◆ **Prompt**: With the pictures omitted, repeat exactly the lines below starting with the line that has "Page 15.000000000" and going on through the line that has "Core Fighting Boardなどの初公開も」の画像".

◆ **Exercise data**:
[Start of section]

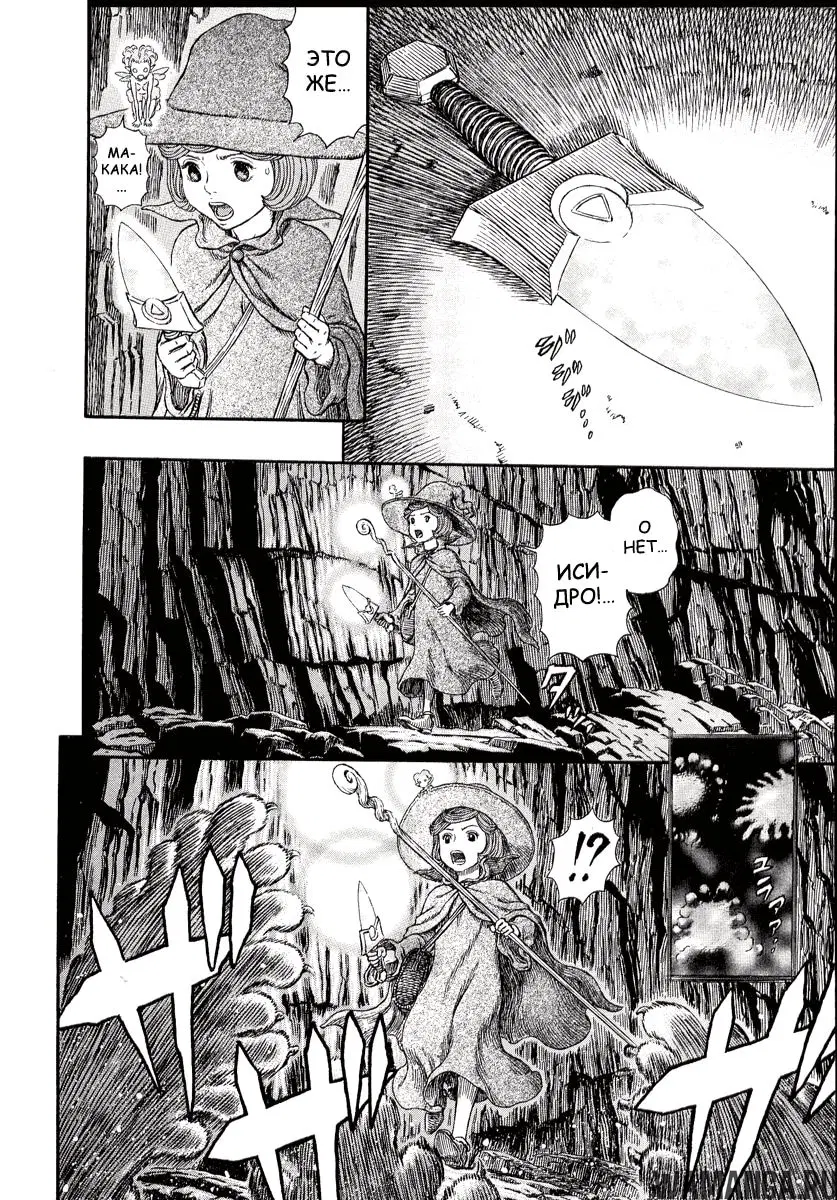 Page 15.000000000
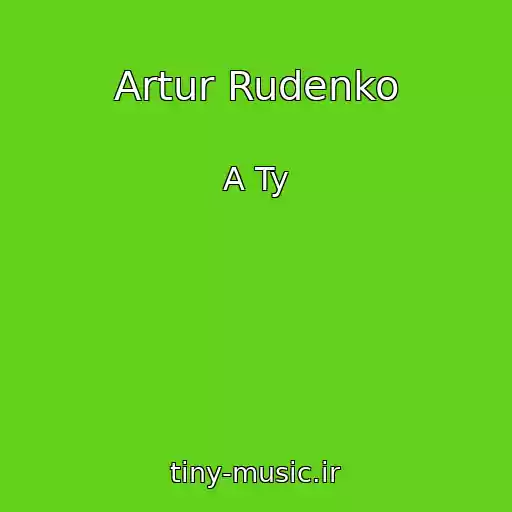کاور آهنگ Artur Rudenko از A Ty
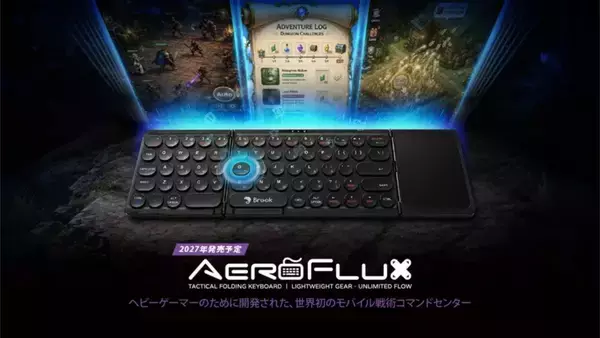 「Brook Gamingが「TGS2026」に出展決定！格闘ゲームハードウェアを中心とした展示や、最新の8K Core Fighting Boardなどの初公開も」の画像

[End of section]
[Start of section]

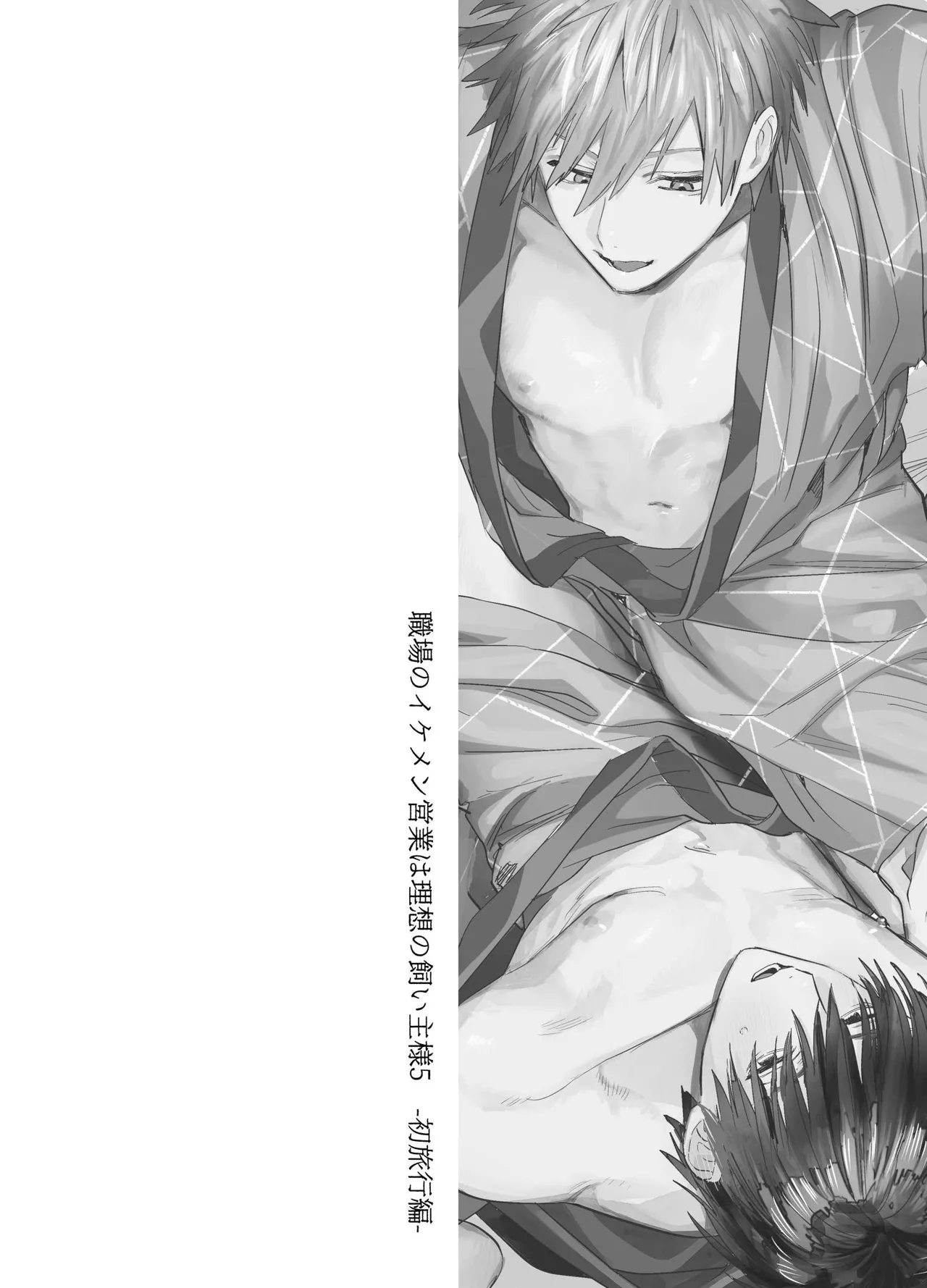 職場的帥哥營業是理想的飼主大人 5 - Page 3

[End of section]

◆ **Result below**:
 Page 15.000000000
کاور آهنگ Artur Rudenko از A Ty
 「Brook Gamingが「TGS2026」に出展決定！格闘ゲームハードウェアを中心とした展示や、最新の8K Core Fighting Boardなどの初公開も」の画像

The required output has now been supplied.